Your photos are gorgeous, but even more than the remnants of glory past, I loved the naughty twinkle in the eyes of the highly amused 'distended bellied' children. They may be in dire poverty, but are determined to milk the most enjoyment of the fun of being photographed ( or was it baksheesh? :)

Sujatha:
Thanks for the link; it made me curious to know more about the Nationality Rooms program. I’m happy that you liked my photos. The twinkle is indeed charming and was offered without baksheesh. :) This neighborhood is so devoid of wandering tourists that the kids haven’t yet learned to pester them.

Yes a good set of information here. Well done. I have been to Nalanda (near Patna) and its amazing.

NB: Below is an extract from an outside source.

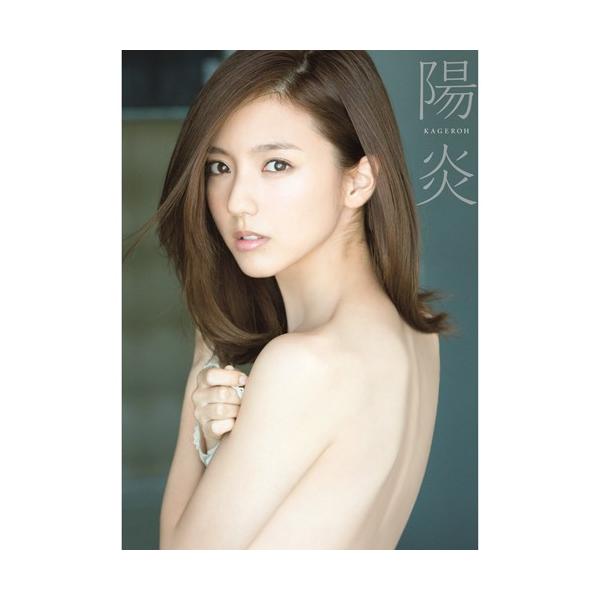 真野恵里菜 写真集「陽炎-KAGEROH-」 :FOT-W820:プレミアムポニー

The images are wonderful. A while back I read the Tang dynasty travelogue of the Chinese Buddhist monk Xuan-Zang (Ping-Yin spelling) who studied at Nalanda for many years. His description of the Nalanda monastery was vivid and detailed. I read the original Chinese book and have not seen a translated version. It would be wonderful to visit Nalanda with a copy of his book in hand to retrace the paths and buildings.

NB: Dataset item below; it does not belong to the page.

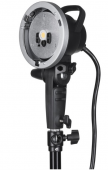 Quadralite Atlas FH600 flash head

Thanks for your note, Franz. You awakened in me again the desire to read Xuan-Zang (or Hiuen Tsang) on Nalanda. I believe a translation does exist, though I have no idea how it compares with the original. It's now on my Amazon.com wish list.

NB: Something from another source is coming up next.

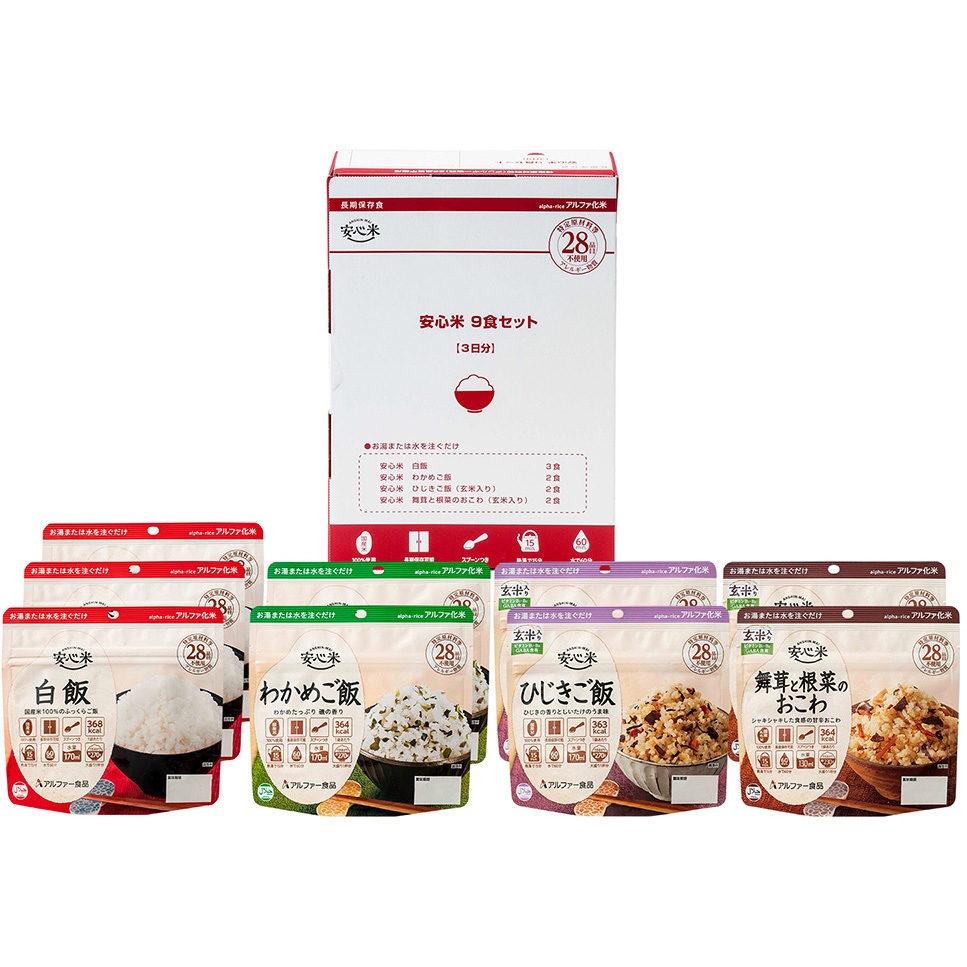 安心米 9食 4セット入 1箱(4セット×9個) アルファー食品 【通販モノタロウ】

This is very exciting work you have done. I am so glad someone is compiling these pictures. India has so much beauty to offer to the world but it all gets lost somehow... Great Site!

Dear sir,
Thank you very much posting valuable images of Nalanda Univercity.
Tshering Sherpa
Toyota city, Japan
www.sherpaworld.com

Japan will be investing in Nalanda after all (another report from the NY Times).

Japan will fund ... an international university in Nalanda, a Japanese diplomat in India has said. Noro Motoyasu said here Monday that the Japanese people were keen to forge closer relations with Bihar because it was the land of the Buddha and Buddhism.

Nobel laureate Amartya Sen will head a panel that will oversee the establishment of the international university in Nalanda. The proposed university will be fully residential, like the ancient seat of learning at Nalanda. In the first phase of the project, seven schools with 46 foreign faculty members and over 400 Indian academics would come up. The university will impart courses in science, philosophy and spiritualism along with other subjects. A renowned international scholar will be its chancellor. (source)

Nalanda may soon also get the long overdue World Heritage Site status. Exciting new excavation opportunities have been uncovered too.

Nice Post. Do you have any idea or reference so that i Can know the books at Nalanda library.It would be really nice of you to help.

it will be a real tribute to the old academic atmosphere offered by Bihar if the government decides to revive all the noted ancient centres of learning in Bihar. Alongwith Nalanda, Vikramshila(in the present Bhagalpur) & Udantpuri(near the present town of Biharsharif) Universities should also be revived. Only then the state of Bihar, lying at the lowest position in the rates of literacy level in India, can advance itself in field of education. The proposed Nalanda University should tie itself with the quality univesities existing in the East Asian nations and elsewhere. Then only, it can maintain & upgrade constantly its level of quality.

By reviving Vikramshila, the age-old bond of India with Tibet, Bhutan, Nepal, etc may be recreated. It will benefit the entire academic arena.